Armed helicopters play a crucial role in modern warfare, being widely used for low-altitude strikes, reconnaissance, early warning, counter-terrorism, and other military operations. Their unique versatility and tactical value underscore their importance on the battlefield. However, as advanced technologies are increasingly integrated into military operations, the survivability of armed helicopters in high-tech combat environments is becoming increasingly threatened. Beyond conventional threats from ground and aerial firepower, these aircraft are now subject to intensive surveillance from infrared, radar, visual, and acoustic detection systems.

Among the countermeasures developed, the retrofitting of infrared (IR) suppressors into helicopter exhaust systems has garnered significant attention from researchers both domestically and internationally. This technology is widely recognized as an effective means of reducing the IR signature of helicopters [1,2]. Studies have shown that, compared to an unmodified exhaust system, the incorporation of an IR suppressor can significantly lower the helicopter’s vulnerability to IR-guided threats [3,4,5,6].

Looking ahead, the development of stealth technologies for helicopters is increasingly focusing on multi-band and multi-domain concealment—requiring compatibility with infrared, radar, visual, and acoustic stealth capabilities [7,8,9]. A notable example is the joint development of the Comanche (RAH-66) helicopter by Boeing and Sikorsky in the United States, which integrates the exhaust system with the rear fuselage as part of its IR suppression strategy [10]. In such designs, the transition geometry of the exhaust mixing ducts becomes considerably more complex—the circular exhaust cross-section from the engine’s power turbine must transition into a narrow exhaust slot along the fuselage side. Furthermore, an air intake slit atop the rear fuselage channels rotor downwash into the interior of the exhaust duct to cool the high-temperature walls, thereby assisting in IR suppression before the exhaust is expelled laterally.

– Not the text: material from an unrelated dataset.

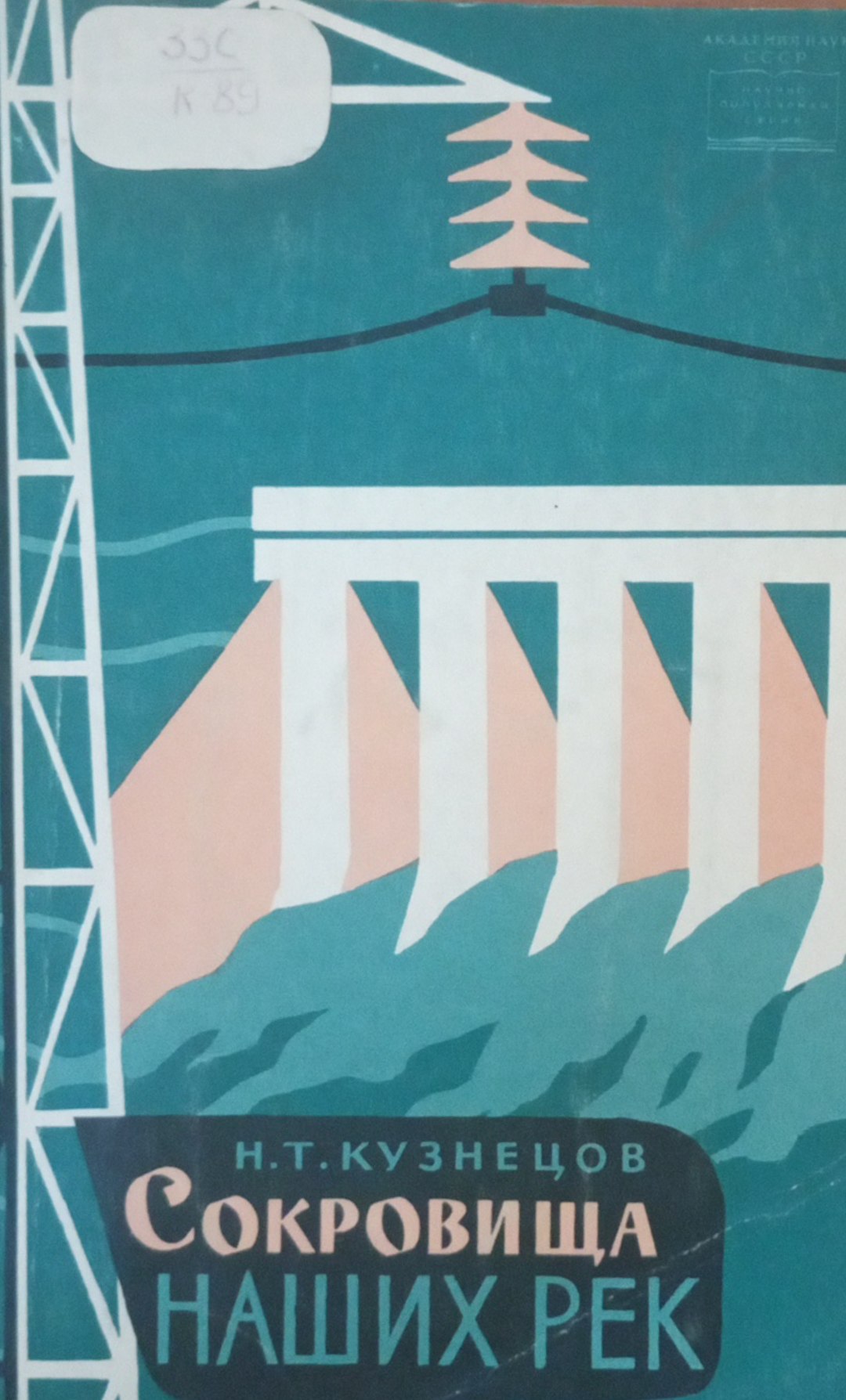 Сокровища наших рек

Considerable research has been conducted on similar fuselage-integrated infrared suppressors (IRS). Zhang et al. [11] provide a comprehensive overview of helicopter IR suppression techniques, emphasizing a clear shift toward airframe-integrated designs for improved aerodynamic efficiency and concealment. Tang et al. [12,13] experimentally investigate lobed nozzles combined with curved mixing ducts and slot-shaped exits, demonstrating enhanced entrainment, improved exhaust-air mixing, and significant temperature reductions. Ren et al. [14] employ numerical simulations to evaluate the stealth properties of an IRS embedded within the helicopter rear fuselage, quantifying notable reductions in sideward and aft infrared radiation. Xiao and Tong [15] introduce a parametric method to systematically optimize IRS geometry, establishing quantitative correlations between structural parameters and aerothermal performance. Additionally, Li and Xuan [16] investigate rotor–fuselage interactions in forward flight using coupled aerodynamic and thermal analyses, revealing significant impacts on temperature distributions and consequently on the external IR signature.

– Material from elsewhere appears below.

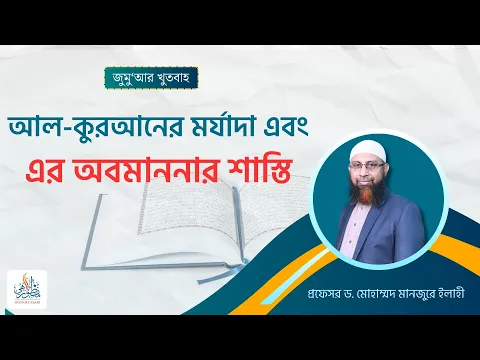 আল-কুরআনের মর্যাদা এবং এর অবমাননার শাস্তি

Compared to traditional exhaust configurations, this integrated IR suppressor substantially alters the exhaust flow field. These changes affect not only the thermal field but also the distribution of the acoustic field. However, to date, there has been limited comparative analysis between traditional helicopters and those equipped with integrated IR suppressors in terms of IR stealth effectiveness. Moreover, the potential aerodynamic and acoustic penalties introduced by such integrated systems remain insufficiently explored.

Although infrared and acoustic stealth are traditionally treated as separate domains, they are intrinsically linked through the exhaust system. The high-temperature, high-velocity jets responsible for strong IR emissions are also primary sources of jet noise. Therefore, modifications to suppress IR signatures—such as narrowing exhaust outlets or altering mixing geometries—will inevitably influence acoustic behavior. A design that reduces IR visibility by increasing mixing may unintentionally amplify broadband noise through enhanced turbulence or stronger velocity gradients. Conversely, noise-suppression strategies may lead to thermal retention or longer high-temperature jet cores. As such, a coupled IR-acoustic analysis is essential to achieve balanced, multi-spectral stealth optimization.

To address these gaps, this study selects a conventional armed helicopter as a benchmark and compares it against a helicopter equipped with an integrated infrared suppressor. The research analyzes and compares their aerodynamic and infrared radiation characteristics during hover and cruise conditions, and further investigates whether the integration of the IR suppressor exacerbates aeroacoustic interactions between engine exhaust and rotor flow. Full-scale models are employed to evaluate aerodynamic and IR radiation properties, while scaled models are used to simulate the aeroacoustic behavior of the exhaust systems.

Based on the results, the study assesses the advantages of integrated IR suppressors over conventional systems in terms of infrared stealth and jet noise suppression. Design recommendations are proposed for the development of low-IR, low-noise armed helicopters. The findings offer valuable guidance and reference for future stealth helicopter design efforts.

2. Physical and Numerical Modeling

2.1. Aerodynamic and Infrared Radiation Modeling

Figure 1a shows the model of a conventional armed helicopter, hereafter referred to as Model W. Like most armed helicopters, its exhaust system is located beneath the main rotor. The high-temperature gases produced by the engine’s power turbine enter the mixing duct through the main inlet. Using the kinetic energy of the exhaust flow, ambient air is entrained into the duct, where it mixes with the hot gases. The mixed flow is then discharged through oval-shaped exhaust ports located on both sides of the fuselage. However, due to the lack of effective shielding for the exhaust system, the high-temperature components remain exposed, making them susceptible to detection by infrared (IR) sensors.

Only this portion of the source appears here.